◆ **Problem to solve**:
Your answer must be the lines from the one holding "Wypadek na Żeromskiego" through the final line of the entries below, copied exactly, with no pictures.

[Web page caption snippets]
===============

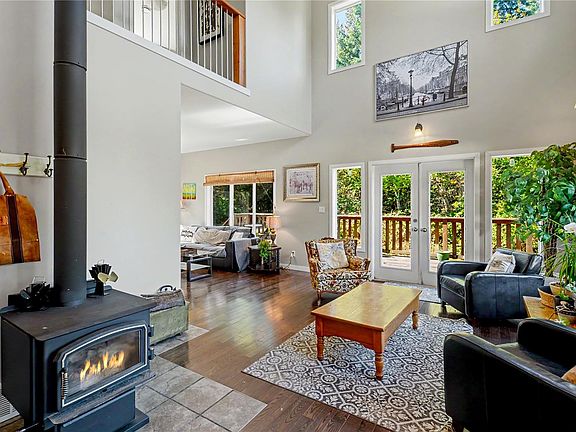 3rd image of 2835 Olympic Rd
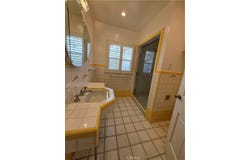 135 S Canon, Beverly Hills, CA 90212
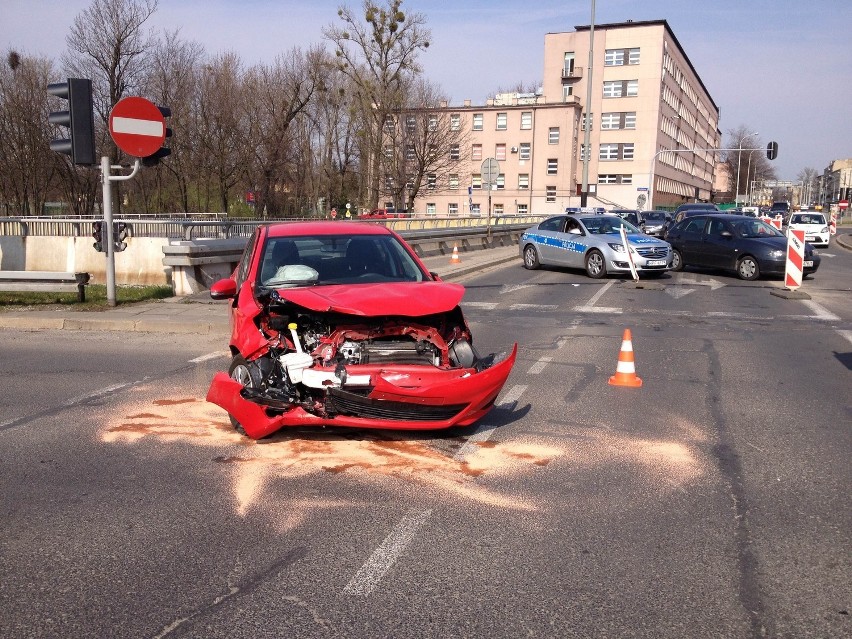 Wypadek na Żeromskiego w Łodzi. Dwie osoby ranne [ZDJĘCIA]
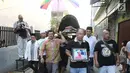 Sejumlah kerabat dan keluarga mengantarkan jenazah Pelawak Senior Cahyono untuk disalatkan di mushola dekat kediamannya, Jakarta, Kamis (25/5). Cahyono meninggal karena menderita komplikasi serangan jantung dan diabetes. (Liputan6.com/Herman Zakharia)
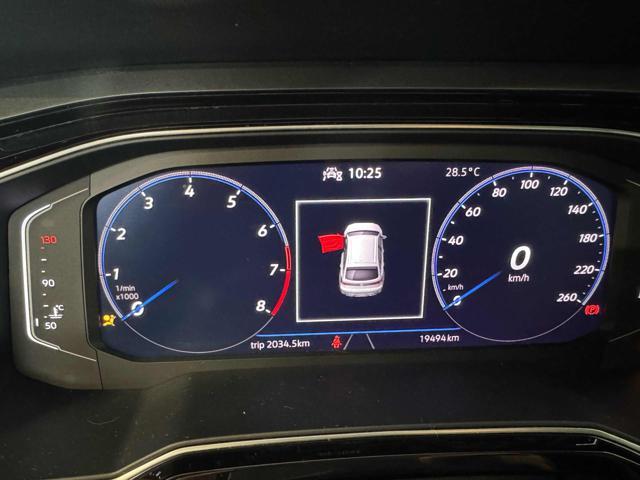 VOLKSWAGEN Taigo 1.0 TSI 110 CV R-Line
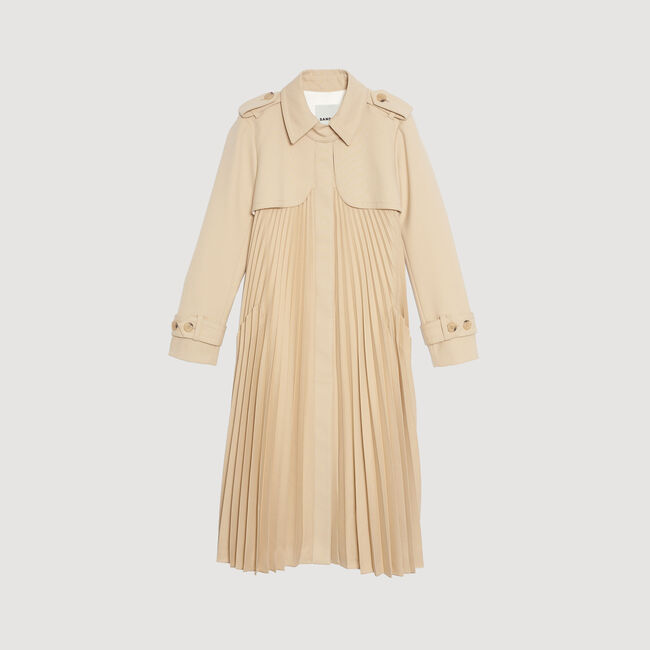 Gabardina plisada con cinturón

===============

◆ **Final answer**:
 Wypadek na Żeromskiego w Łodzi. Dwie osoby ranne [ZDJĘCIA]
 Sejumlah kerabat dan keluarga mengantarkan jenazah Pelawak Senior Cahyono untuk disalatkan di mushola dekat kediamannya, Jakarta, Kamis (25/5). Cahyono meninggal karena menderita komplikasi serangan jantung dan diabetes. (Liputan6.com/Herman Zakharia)
 VOLKSWAGEN Taigo 1.0 TSI 110 CV R-Line
 Gabardina plisada con cinturón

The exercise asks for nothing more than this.